Atsuro! – Yuzu brada, tentando avisá-lo do perigo que se aproxima por trás.

E a alegria efêmera e temporária daquele golpe bem-sucedido lhe é, mais uma vez, retirada. Yuzu é a próxima, mal tendo tempo para respirar e gritar ao que o ar em seus pulmões parece se esvair de uma vez só. Os demônios que ela havia invocado desaparecem, e aqueles que tiraram sua vida apenas mobilizam-se na direção de Atsuro, decididos a ceifar outra vida. Mais uma vez, seu estômago parece se revirar com tantas visões horríveis. O cheiro de sangue invade suas narinas e ali fica, impregnado e pungente, quase que para nunca mais sair. Você se esconde atrás de outra lápide, fechando os olhos e arquejando pesadamente, como se fosse adiantar para esquecer o que acaba de presenciar. Outra morte que não pôde evitar, outra tragédia, outra existência interrompida. A vontade de sair correndo dali volta a lhe atormentar, apesar de ter plena consciência de que não há qualquer meio de escape. Estão presos, abandonados pelo governo e por qualquer outra força de influência externa. E pensar que tudo o que vocês queriam era voltar para casa.

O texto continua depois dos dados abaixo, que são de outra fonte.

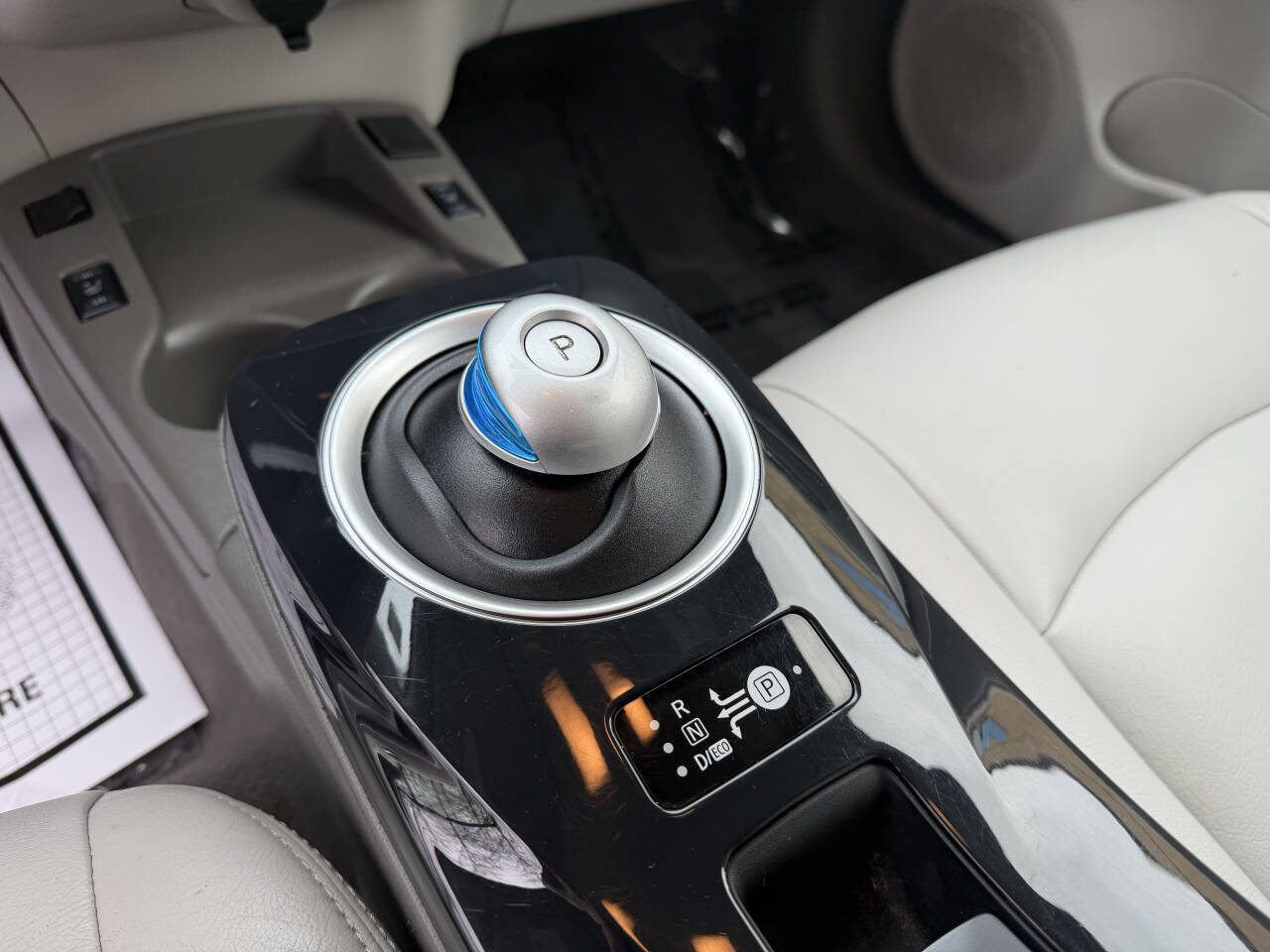 Used 2012 Nissan Leaf SL image 20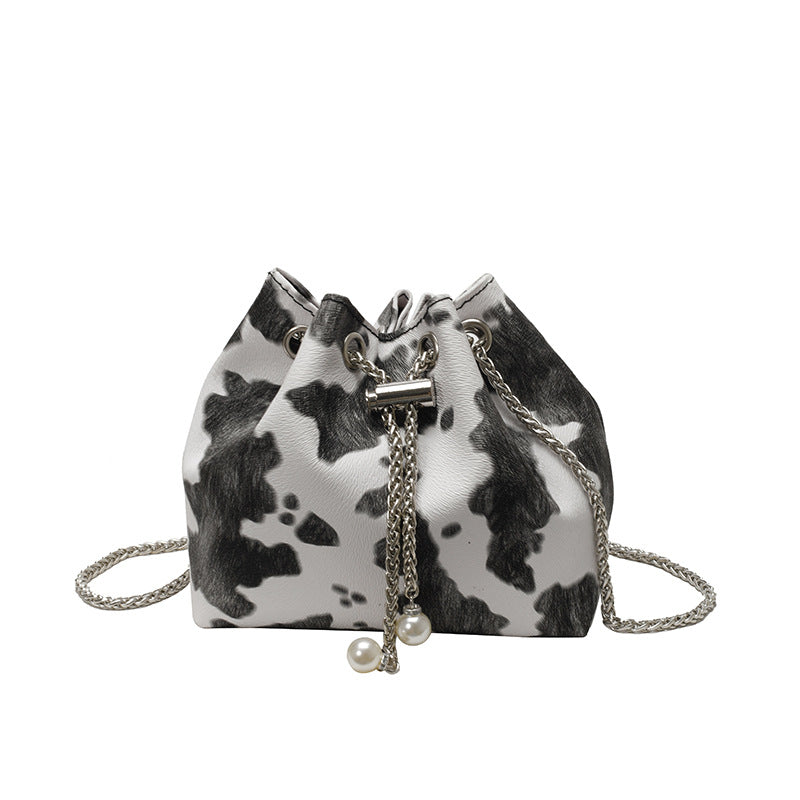 Personalized Chain Large Capacity Stylish Fashion Leopard Print Drawstring Winter2024New Zebra Pattern Shoulder Bucket Bag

"Deve ser bom somente se esconder, não é? Nós estamos aqui dando o nosso melhor, e você só foge," são as palavras que surgem na sua mente após fomentar tais pensamentos, e você sequer sabe se realmente são as suas dúvidas sobre seus amigos – que estão, ou melhor, seu amigo está – lutando pela própria vida e pela sua, ou se é algum tipo de efeito desconhecido das maldições de Beldr. Abre os olhos e se levanta de uma vez só, sabendo que não deve e muito menos pode se dar ao luxo de pensar de tal maneira. O demônio imortal fica só ali, esperando você vir com toda a sua força e seu ódio, pois é disso que ele se fortalece. Ainda assim, não é a hora para desistir. O suor escorre pelo seu corpo, percorrendo cada milímetro, molhando suas roupas.

Antes suor do que sangue.

Rapidamente se repreende por fazer tal afirmação, ainda que seja só na sua cabeça, repassando mentalmente cada detalhe das mortes de Keisuke e Yuzu. Tão recentes, tão frescas quanto o sangue que começa a secar no chão – e este tem uma coloração tão fúnebre, porém tão bonita naquele crepúsculo! E aí vem mais uma repreensão. A angústia dentro de seu coração aumenta, os pulmões parecendo cada vez menores para a quantidade de ar que você precisa naquele momento. Corre de encontro a Beldr, pronto para atacá-lo com toda a força e convicção, com toda a determinação que for necessária para dar um fim a isso tudo, se é que isso é possível. E ele já lhe espera, as tonalidades mornas do pôr-do-sol se refletindo em seu corpo estranhamente metálico ou seja lá o que for.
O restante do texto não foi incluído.